• _Source material_:
◇ ◇ ◇ ◇ ◇

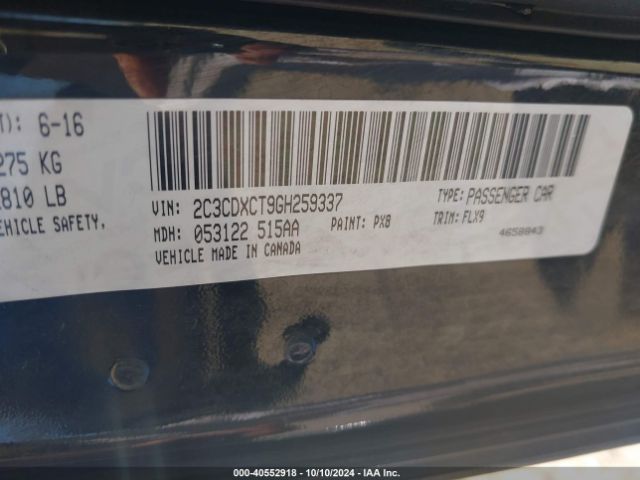 2C3CDXCT9GH259337 Dodge Charger Road/track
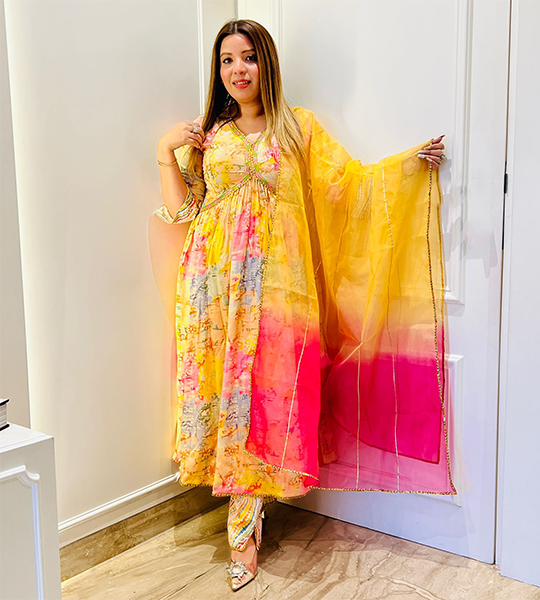 Selfie Multicolor Print Rayon Alia Cut Suit Set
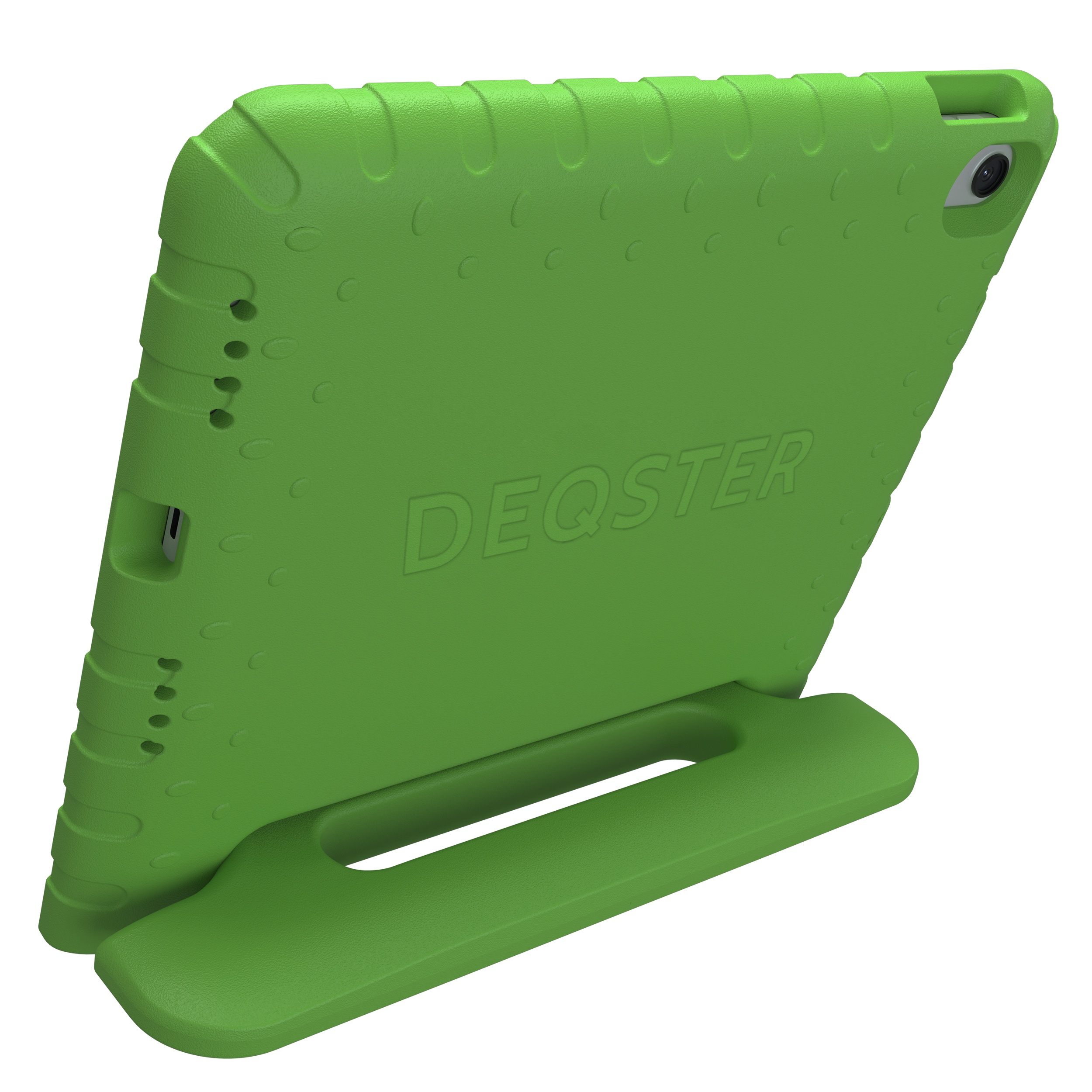 Grüne Tablet-Hülle mit Ständer und DEQSTER-Logo.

◇ ◇ ◇ ◇ ◇

• _What the exercise asks_:
Drop the pictures and reproduce the rest of the data above exactly.

• _Task answer_:
 2C3CDXCT9GH259337 Dodge Charger Road/track
 Selfie Multicolor Print Rayon Alia Cut Suit Set
 Grüne Tablet-Hülle mit Ständer und DEQSTER-Logo.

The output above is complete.